Members in the Media
From: The New York Times

A Meet-Cute of Professional Networking and Online Dating

The New York Times:

Work and romance may seem like a bad combination, but as more work, and more romance, goes online, the two are meeting in interesting ways. LinkedUp is one startup banking on a version of the old saw that you’re likely to meet your mate at work, while eHarmony, a veteran of online dating, has decided to deploy its expertise to match job seekers with potential employers.

“Elevated Careers by eHarmony,” scheduled to start in December, seeks to improve a company’s employee retention rates by looking at more than skills and resumes — companies would be more productive, and more profitable, if their workers were more satisfied and stayed at the company longer. Taking into account an applicant’s personality, how it might fit with the company’s cultureand how it might mesh with management, may help to improve both factors.

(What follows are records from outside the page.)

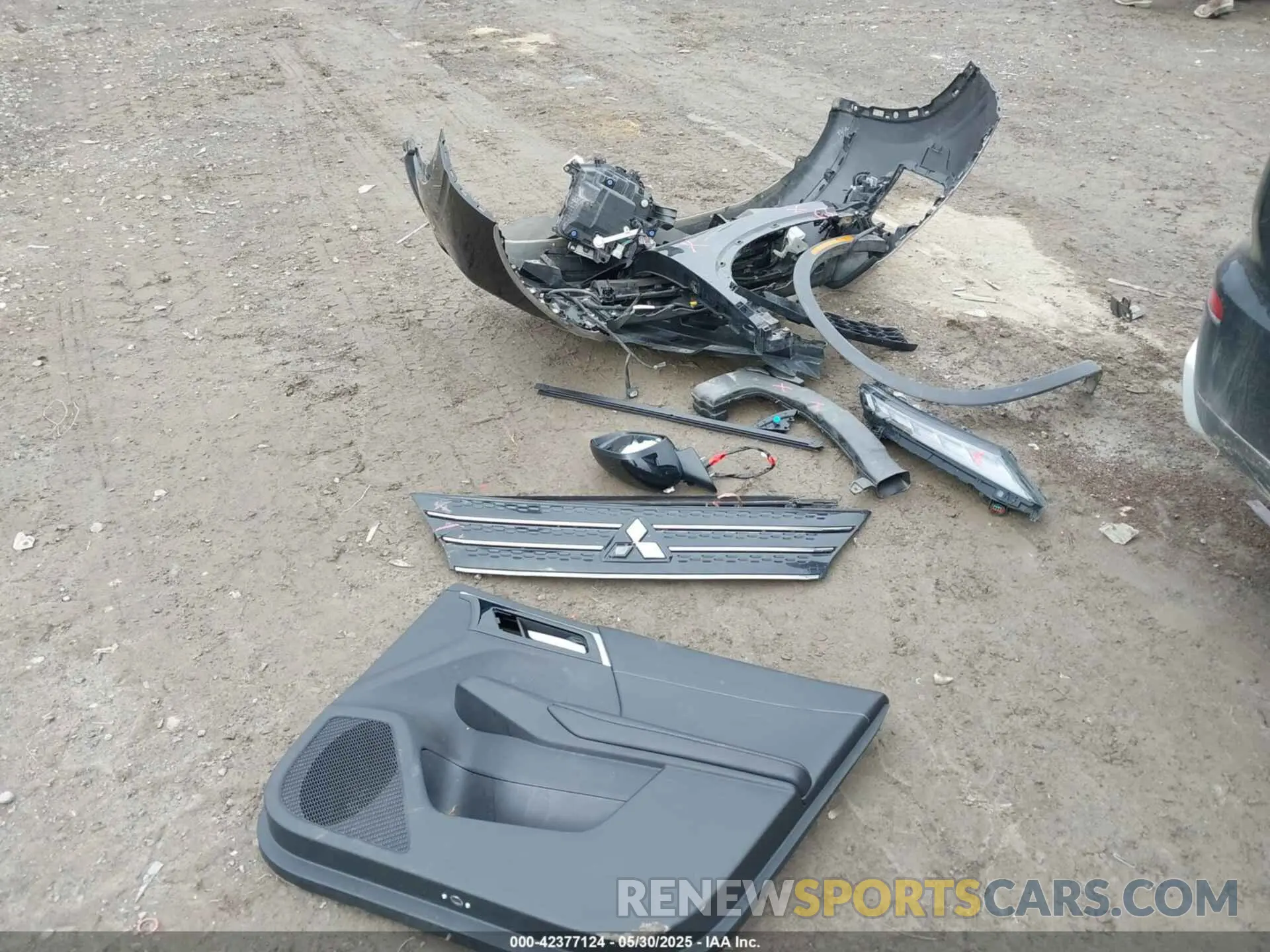 12 Photograph of a damaged car JA4J4UA84NZ037957 MITSUBISHI OUTLANDER 2022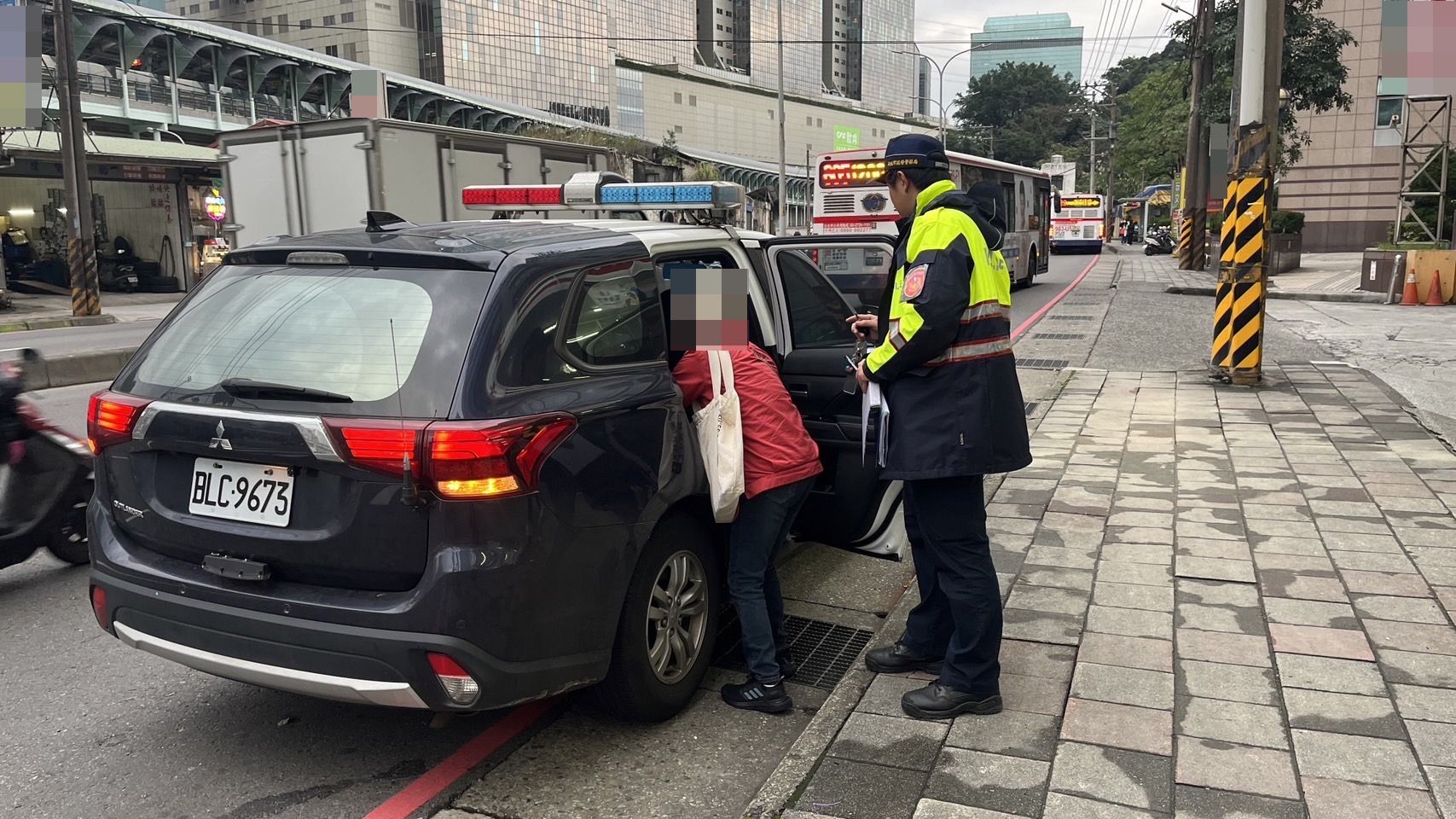4-1案情神逆轉  汐止警阻詐變護鈔
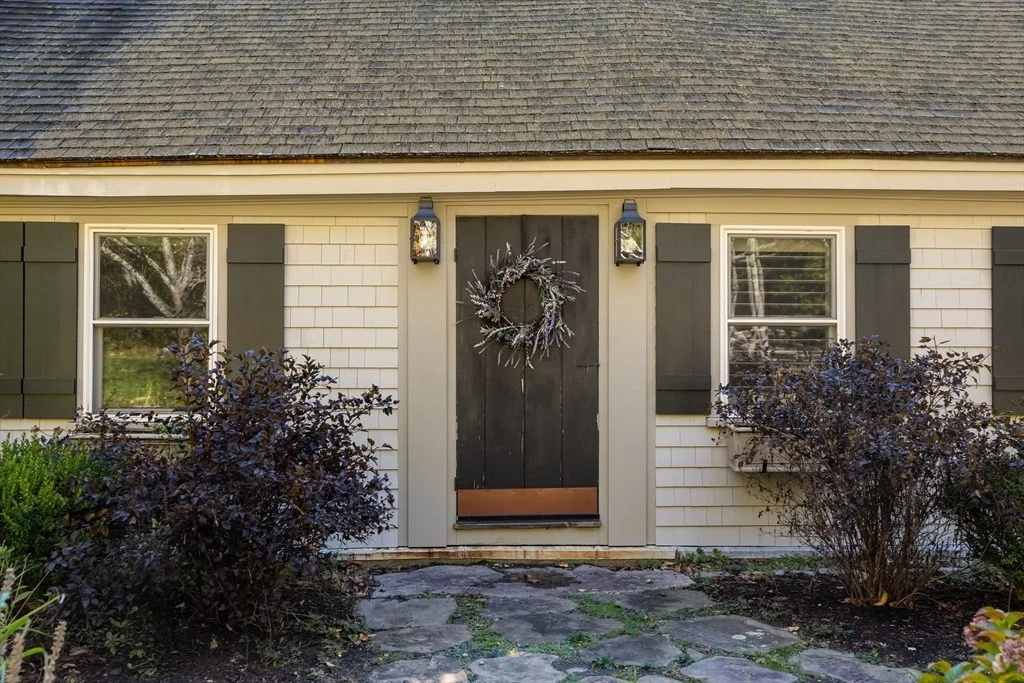 Photo of 552 Forest Street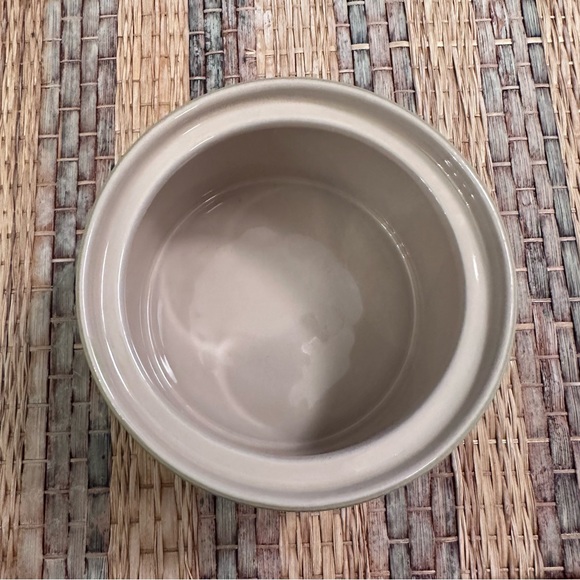 Le Crueset Green Salt pinch bowl Ramekin 0.3L 10oz - Picture 8 of 9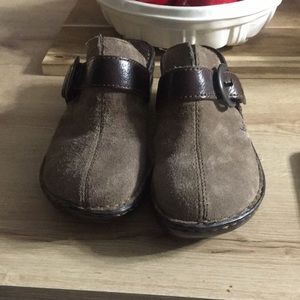 BOC brown suede mules size 6
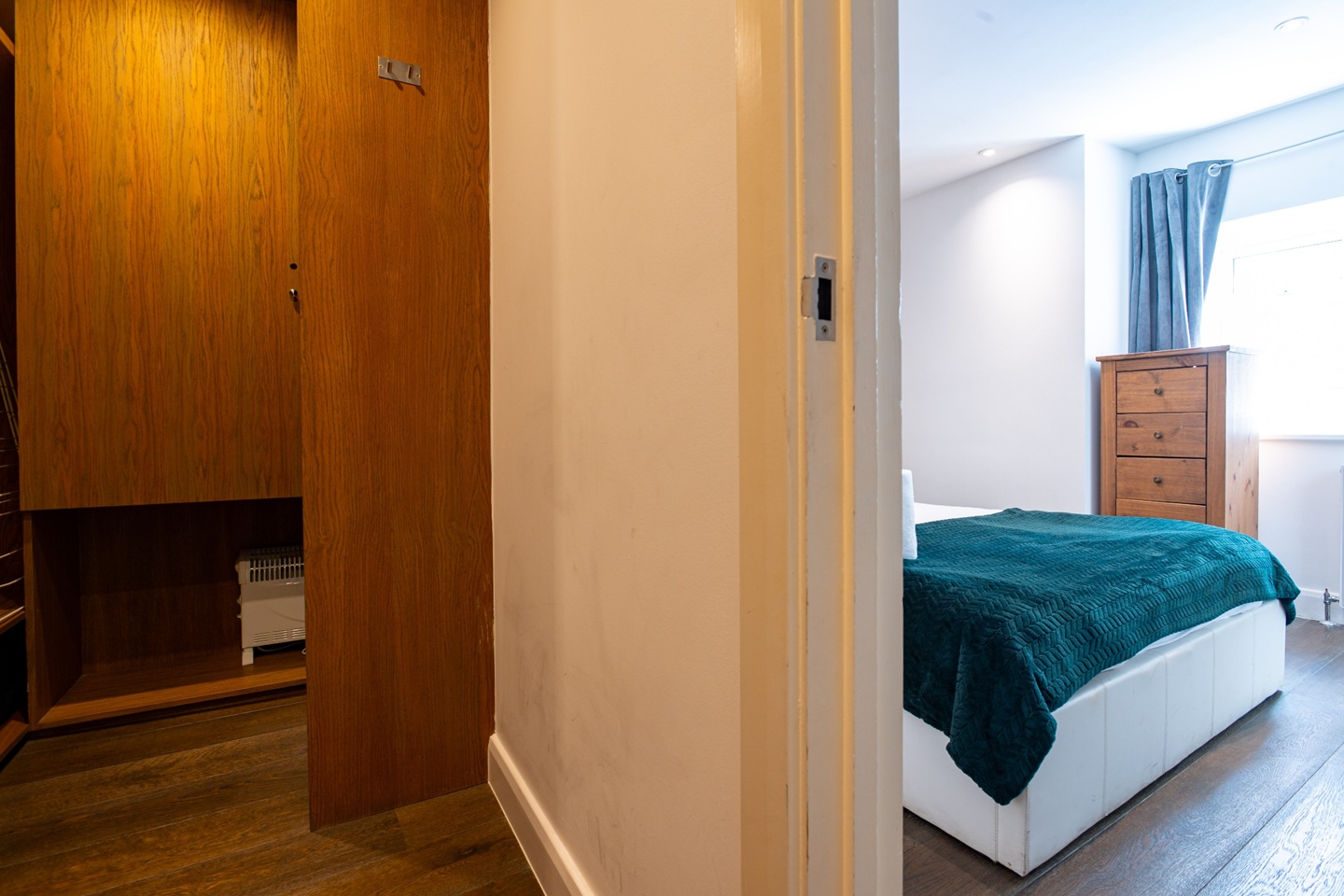 1 Bed Flat, Berwick St, W1F photo 3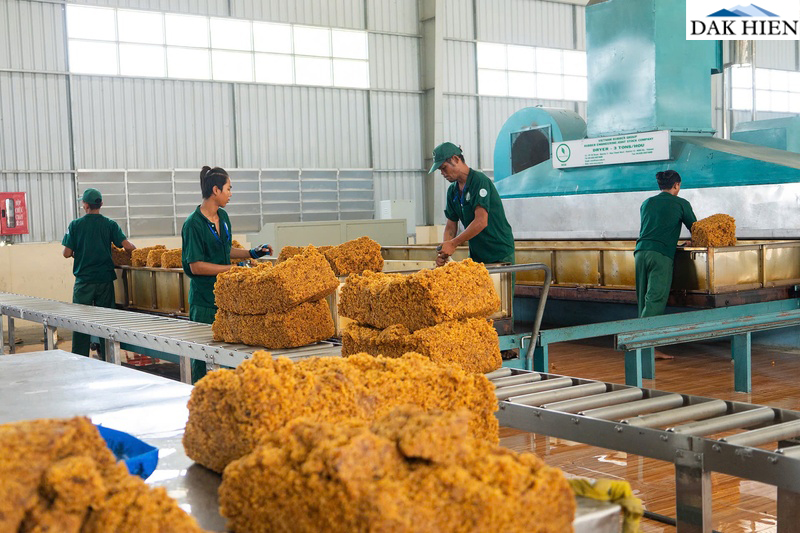 Axetilen được ứng dụng phổ biến trong sản xuất hóa chất công nghiệp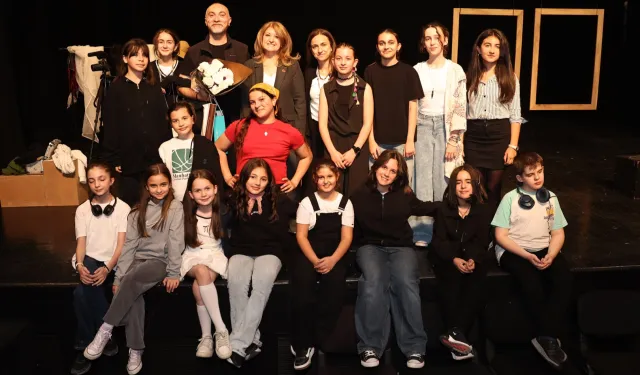Bursa'da Nilüferli drama öğrencilerinden renkli final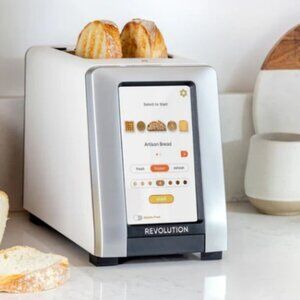 NIB Revolution InstaGlo R270 Toaster - Limited Edition Matte White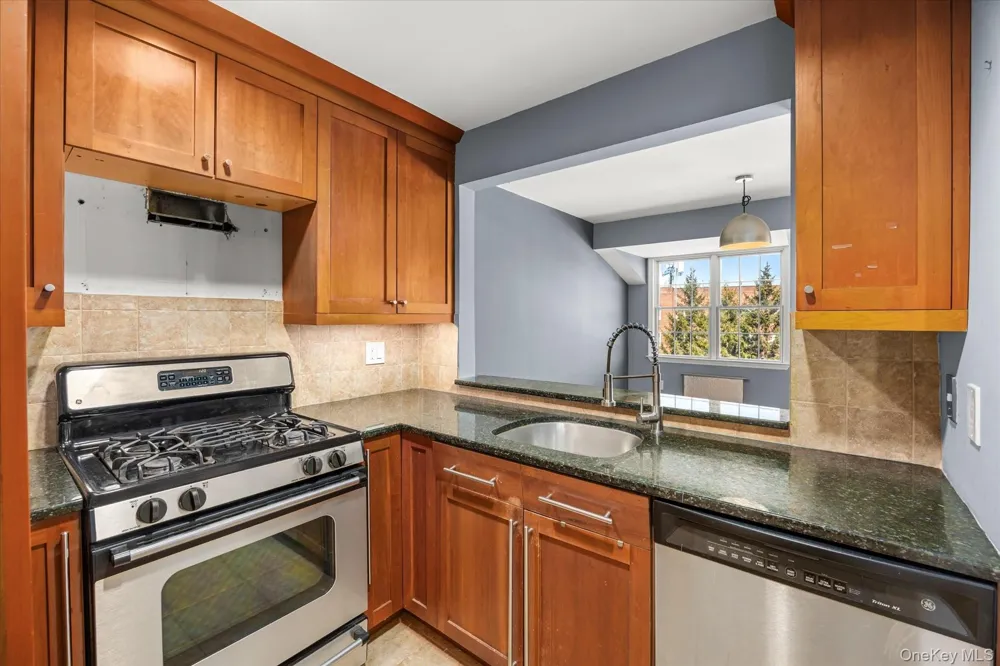 9428 Magnolia Court #3A Ozone Park, NY 11417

But even with eHarmony’s 600,000 married couples, there’s still plenty of skepticism about whether online dating sites work. OkCupid conducted an unannounced test recently that manipulated users’ profiles and found that what you write on your profile doesn’t have any bearing on whether another user finds you attractive.

And Eli J. Finkel and Susan Sprecher, professors of psychology and of anthropology and sociology, respectively, write in Scientific American that the claims of matching sites don’t bear out in real life:

“From a scientific perspective, there are two problems with matching sites’ claims. The first is that those very sites that tout their scientific bona fides have failed to provide a shred of evidence that would convince anybody with scientific training. The second is that the weight of the scientific evidence suggests that the principles underlying current mathematical matching algorithms — similarity and complementarity — cannot achieve any notable level of success in fostering long-term romantic compatibility.”

Mr. Finkel and Ms. Sprecher are part of a team that wrote a longer psychology paper, summarized on Science of Us, arguing this in greater depth. What a person might find attractive on a profile may have no correlation to what they find attractive in real life, the report says, and browsing profiles “fosters judgmental, assessment-oriented evaluations and can cognitively overwhelm users, two processes that can ultimately undermine romantic outcomes.” What improves outcomes most is access to a wider pool of potentially interested (and interesting) people to connect with.